Problem details:
Output only the lines below from the one holding "BMW 3 Series" down to the one holding "New Zealand colonial", both end lines included and every picture dropped.

Start of Excerpted data

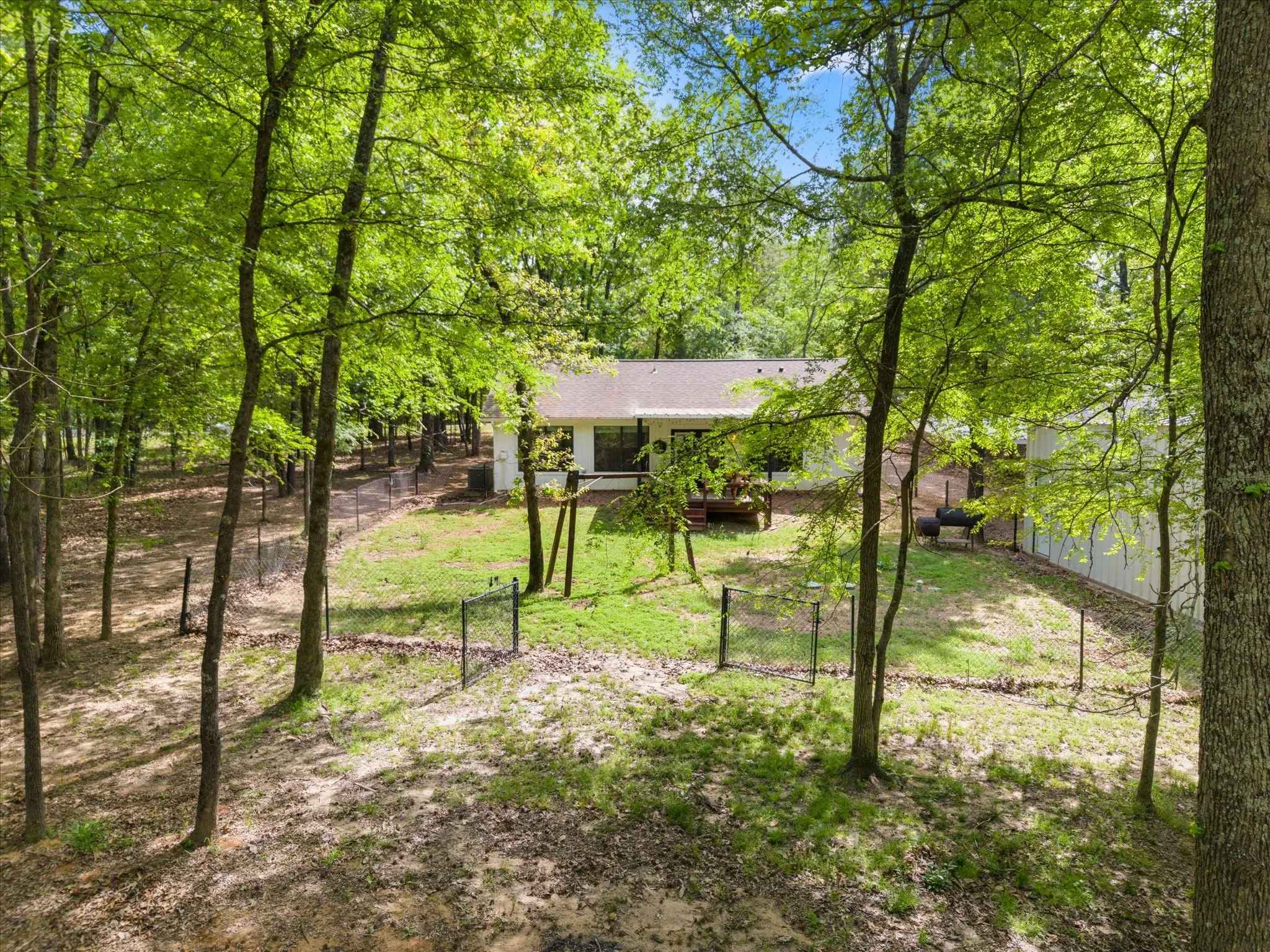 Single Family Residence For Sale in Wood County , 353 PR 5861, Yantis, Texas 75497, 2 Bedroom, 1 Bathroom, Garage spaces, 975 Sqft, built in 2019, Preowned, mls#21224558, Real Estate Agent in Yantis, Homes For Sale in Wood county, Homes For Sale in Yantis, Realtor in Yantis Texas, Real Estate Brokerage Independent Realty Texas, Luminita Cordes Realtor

End of Excerpted data
Start of Excerpted data

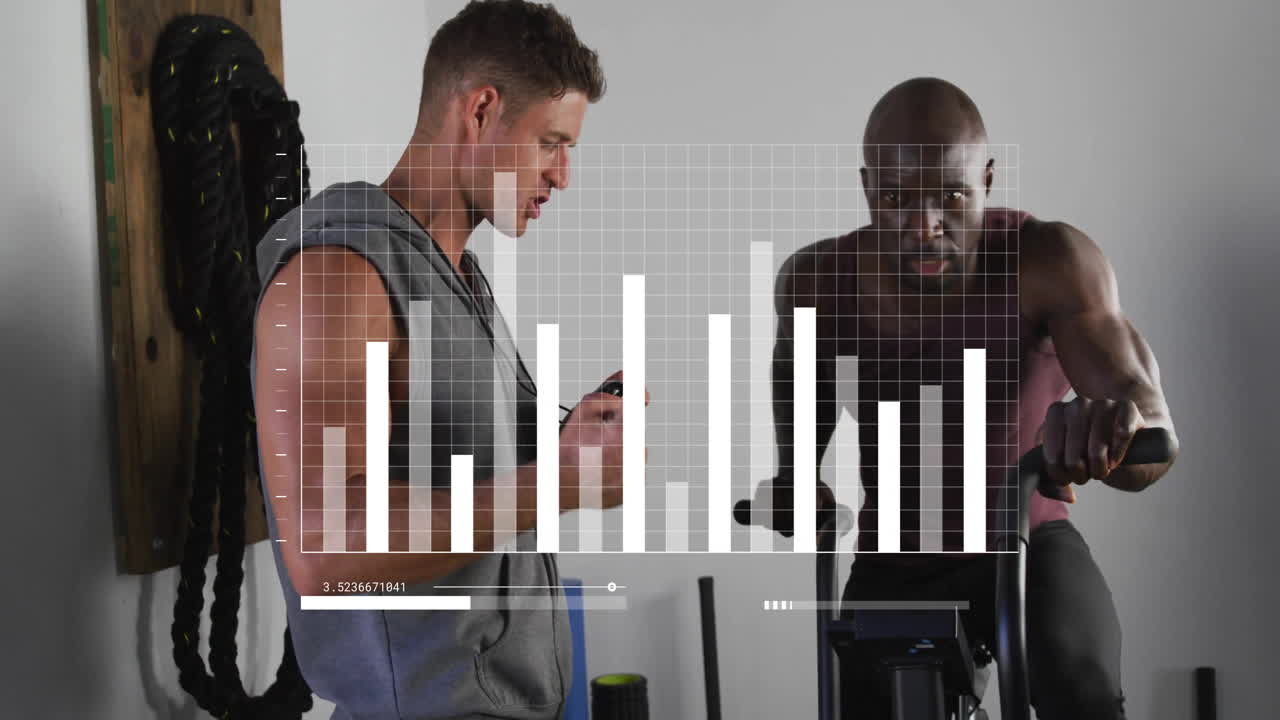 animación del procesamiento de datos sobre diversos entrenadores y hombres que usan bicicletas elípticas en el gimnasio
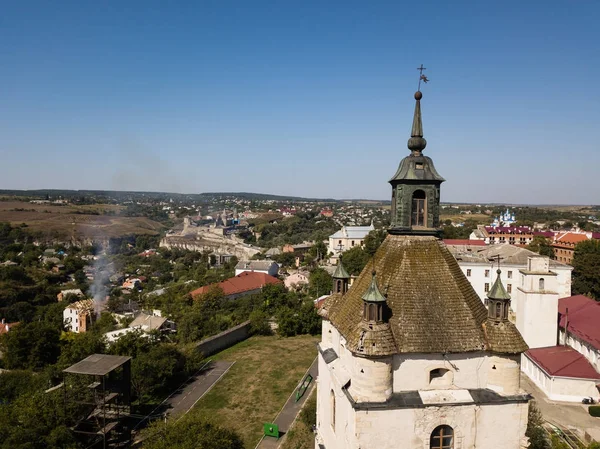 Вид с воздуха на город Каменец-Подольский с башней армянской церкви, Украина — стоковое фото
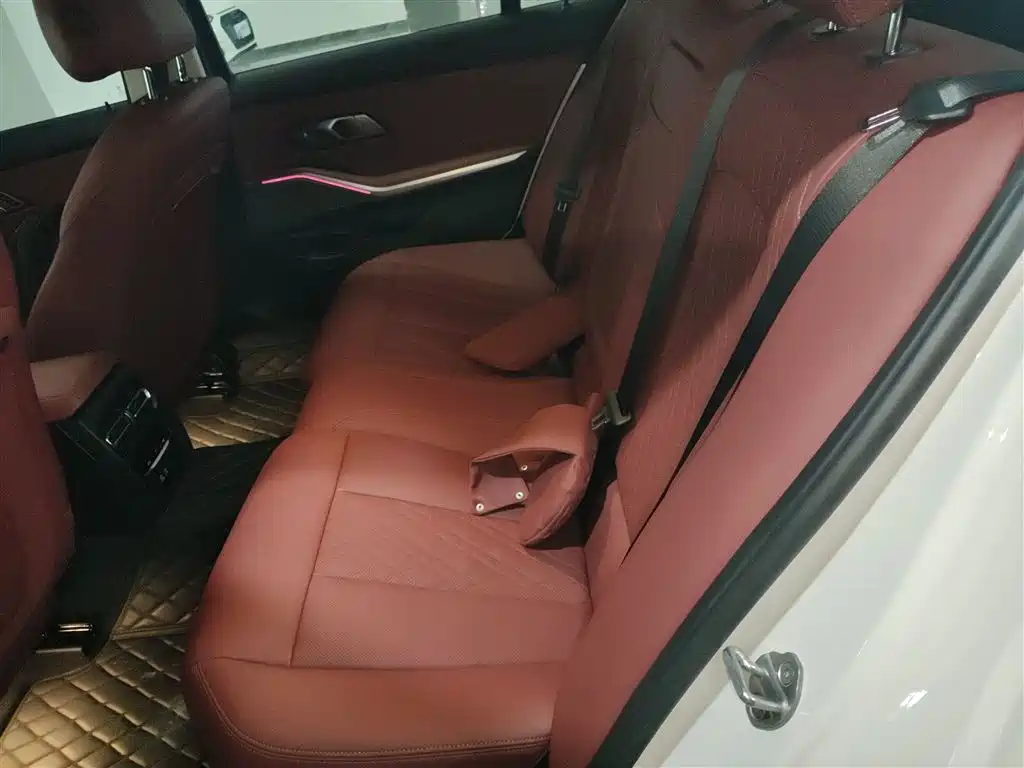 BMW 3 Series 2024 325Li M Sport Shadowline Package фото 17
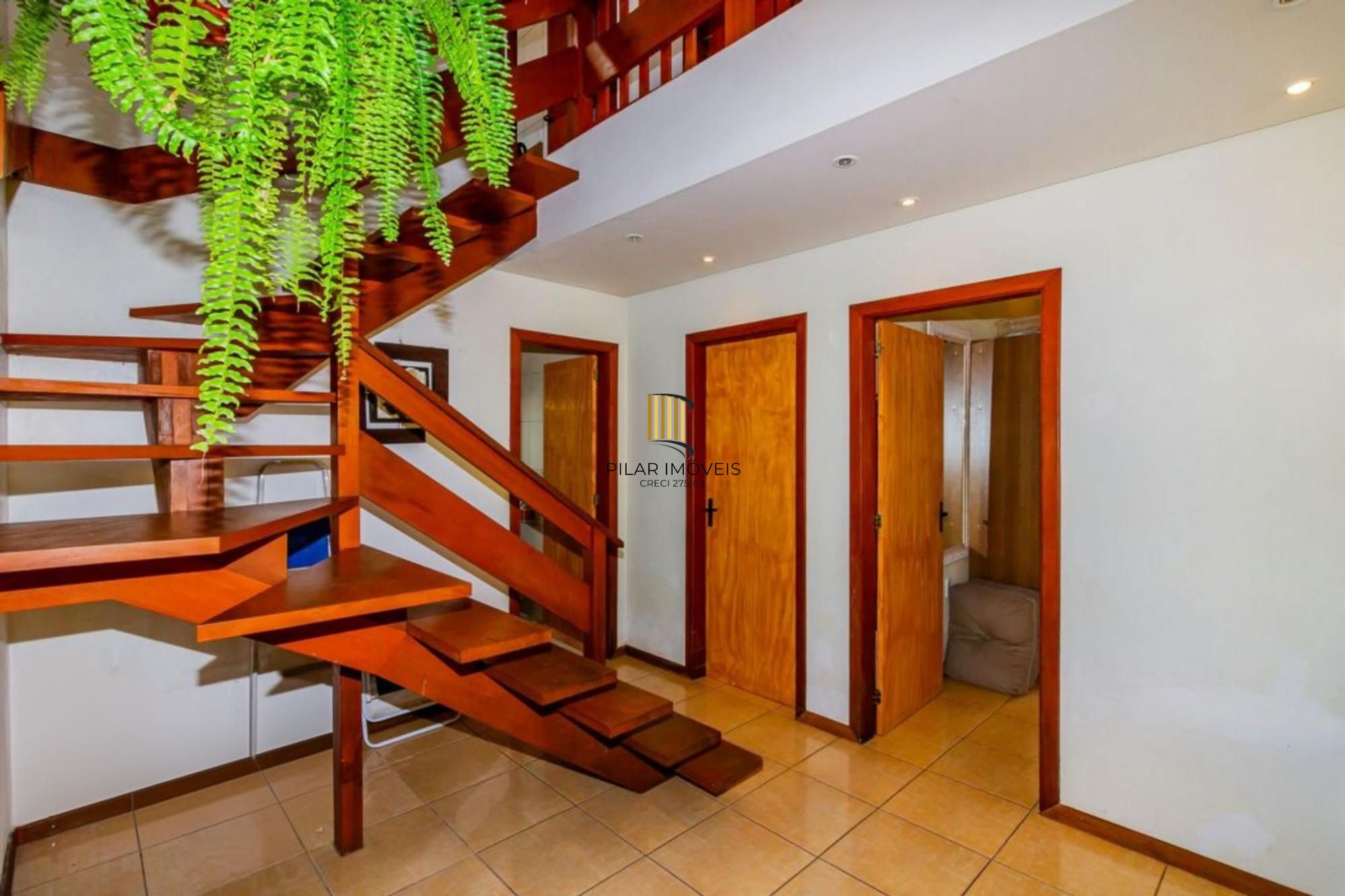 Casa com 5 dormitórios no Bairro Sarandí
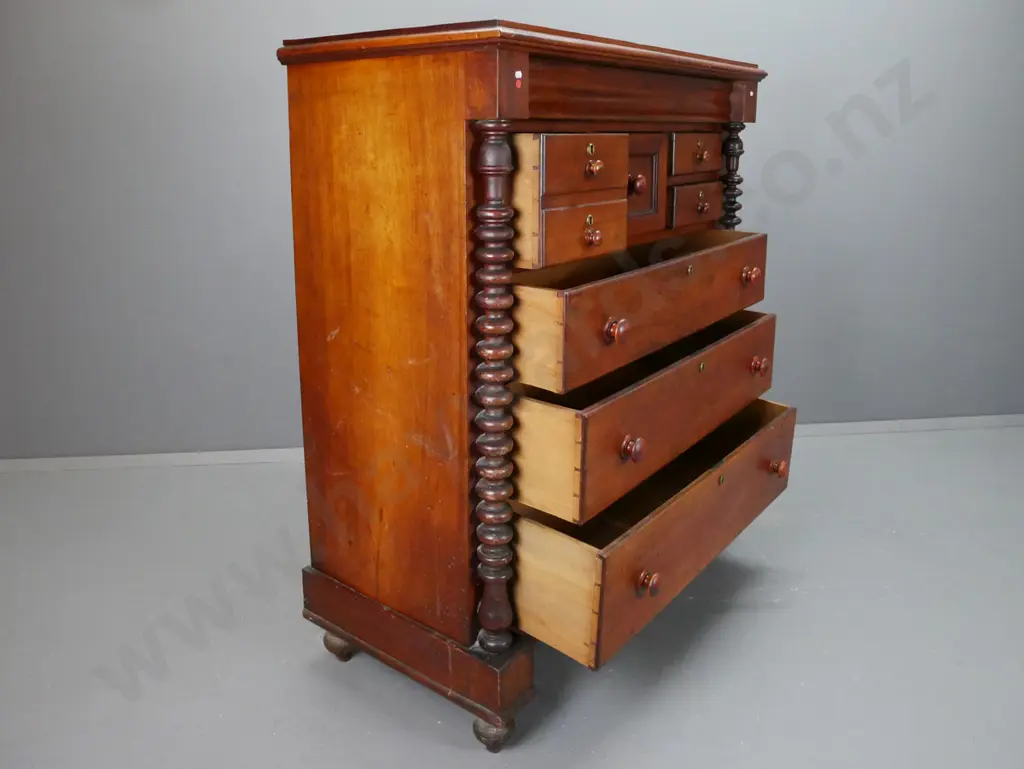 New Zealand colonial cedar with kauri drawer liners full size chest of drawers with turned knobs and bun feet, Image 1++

End of Excerpted data
Start of Excerpted data

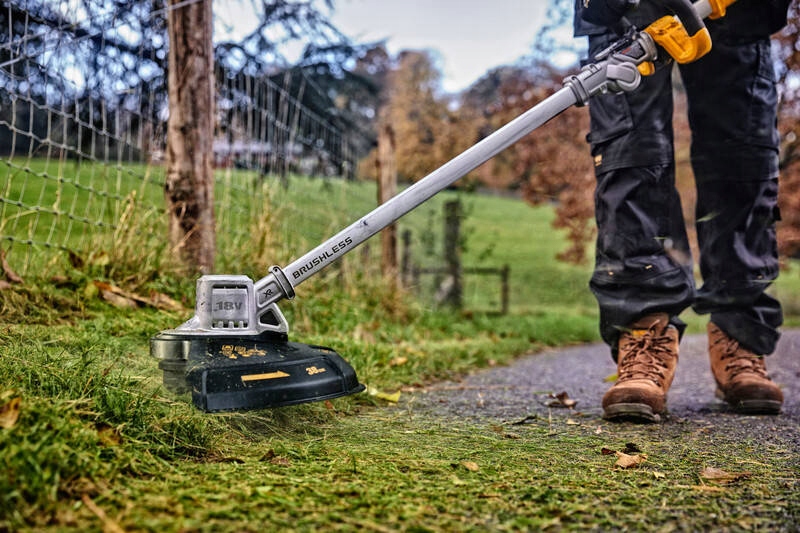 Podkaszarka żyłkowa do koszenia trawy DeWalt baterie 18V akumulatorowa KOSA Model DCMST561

End of Excerpted data

Exercise response:
 BMW 3 Series 2024 325Li M Sport Shadowline Package фото 17
 Casa com 5 dormitórios no Bairro Sarandí
 New Zealand colonial cedar with kauri drawer liners full size chest of drawers with turned knobs and bun feet, Image 1++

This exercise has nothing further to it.